Drysdale's has an extensive selection, literally hundreds of acres, of premium Fraser firs to choose from. The quality here is unmatched and widely renowned; their trees are displayed every year at Queen's Park and have been featured on television shows such as Canada AM and the Rick Mercer Report.
Once you descend from the wagon ride, little ones will want to head over to the red roofed home belonging to Mr. and Mrs. Claus. In the presence of Santa and his equally jolly wife, Christmas truly comes alive for children. They can sit on Santa's knee, and will once again be asked if they've been naughty or nice. Of course, all children plead their case for being put on the good list. After informing Santa of new additions to their ever-growing wish list, kids can get a sparkle or two added to their smiles with a face painting.
But this wouldn't be a perfect day for the entire family without a place where mom can do a little last minute shopping. The Evergreen Store carries a wide selection of home accents, holiday décor and gifts. Christmas trees light up like twinkling stars, bushy wreaths dressed up with bows, and sparkling ornaments all bring out the spirit of the season. The Evergreen Store is sure to inspire some ideas for decorating, and offers unique treasures that will be part of Christmas traditions for years to come
“It's funny, but there's so much here you could easily spend a few hours doing it all. We've had people so preoccupied by our attractions that before they knew it the sun was setting and they hadn't picked a tree yet,” chuckles Doug. “You can't go home without a tree, so we've got in the habit of having some pre-cut trees available, just in case.”
From humble roots as a simple cut-your-own tree farm, Drysdale's has developed into a magical realm that embraces the warmth and nostalgia of Christmas through a range of attractions for adults and children alike.

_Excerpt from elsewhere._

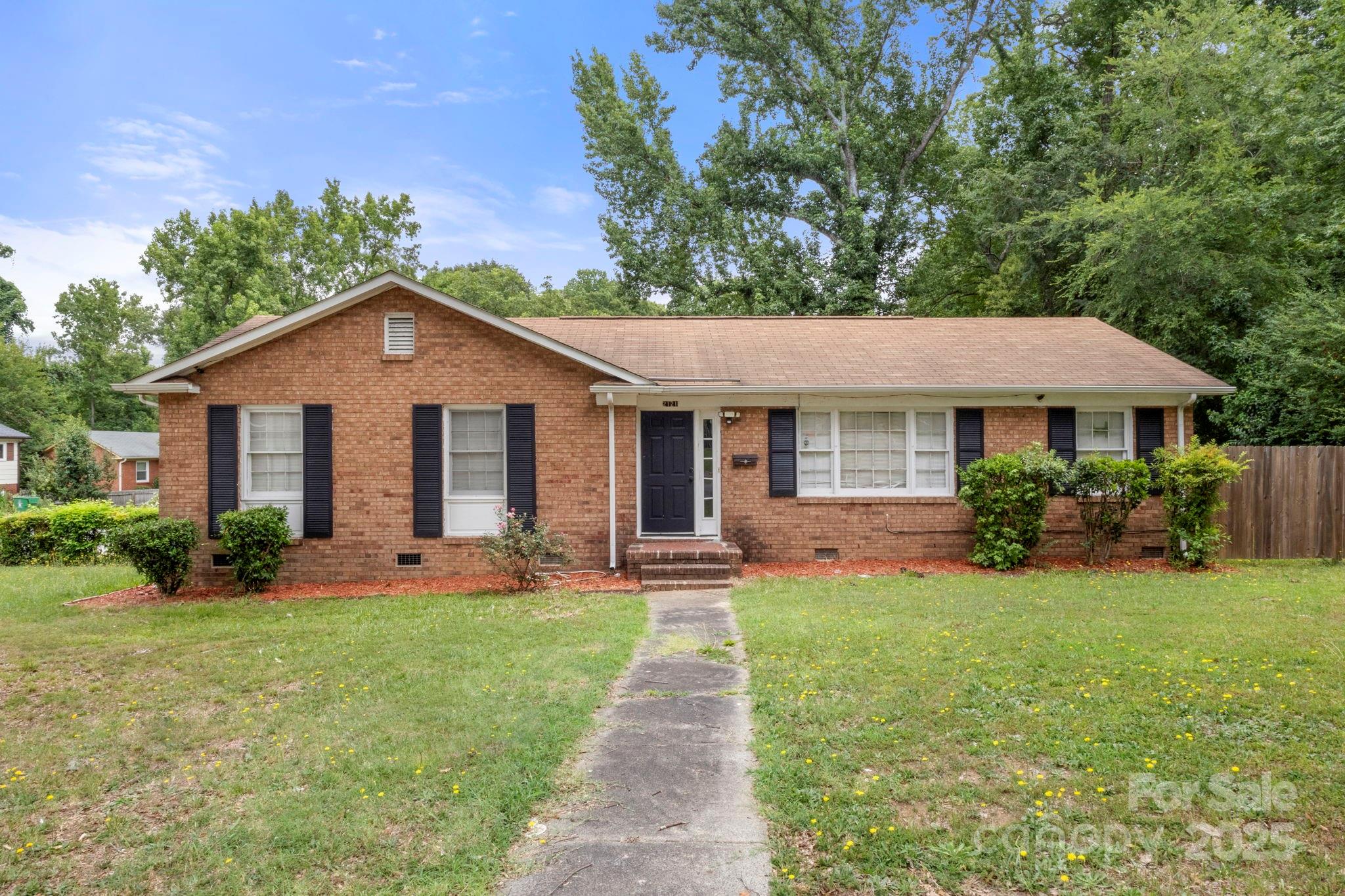 2121 Milton Road Charlotte, NC 28215 - Photo 1 of 26 Gallery Image 1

Selecting the Perfect Christmas Tree

The most important is to decide what kind of tree you want. Is there a particular look or colour you desire? How will you decorate it? Heavy ornaments, for example, need strong branches to rest upon, while sparser tree varieties need more ornamentation to appear full. How long will the tree be indoors? The following guide will help you make the ideal choice for your particular needs and interests:

Scotch Pine: By a large margin the most popular tree in Canada and for good reason. It is extremely dense and full, often so much so that you have to fight your way in to find the trunk. As a result, you won't have to decorate as vigorously as you would with some of the more sparser trees to achieve the full look. The needles are long, blue-green in colouration, and will be retained for three to four weeks.

Balsam fir: The second most common Christmas tree in Canada, the balsam fir is a more elegant choice than the Scotch pine. Whereas the Scotch pine has rounded needles, those of the Balsam fir are short and flat, and dark green in colour. One of the more attractive qualities is the needles' silvery underside, which reflect the light of Christmas lights beautifully. The widely spaced branches make it easy to hang ornaments, but results in a less full look. Leaves will be retained for a month without difficulty.

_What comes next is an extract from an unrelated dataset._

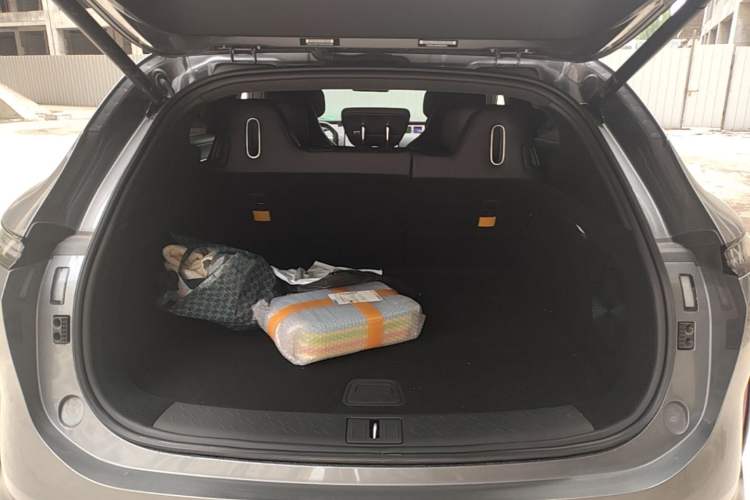 Used Avatr 07 2024 Ultra All-Electric Four-Wheel Drive Trunk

Douglas fir: This tree is pyramidal in shape, with strong upward sweeping branches that are ideal for hanging ornaments. Needles are short (2-3 cm), dark-blue, and soft, lasting for a month. The Douglas fir is arguably the most elegant of the varieties.

Blue spruce: With a dense, nearly symmetrical form and its stunning blue/grey-green foliage, the blue spruce makes a real statement in any home. But you pay for this quality with the average tree costing three or four times that of the more common varieties. The needles will last over a month.

Norway spruce: The Norway spruce looks dandy, with its dense branches gracefully reaching upward as if pointing towards the heavens. However, buyers beware. Needles begin dropping in as little as two weeks! Because of its denseness and fine shape, the Norway spruce requires little ornamentation to be attractive.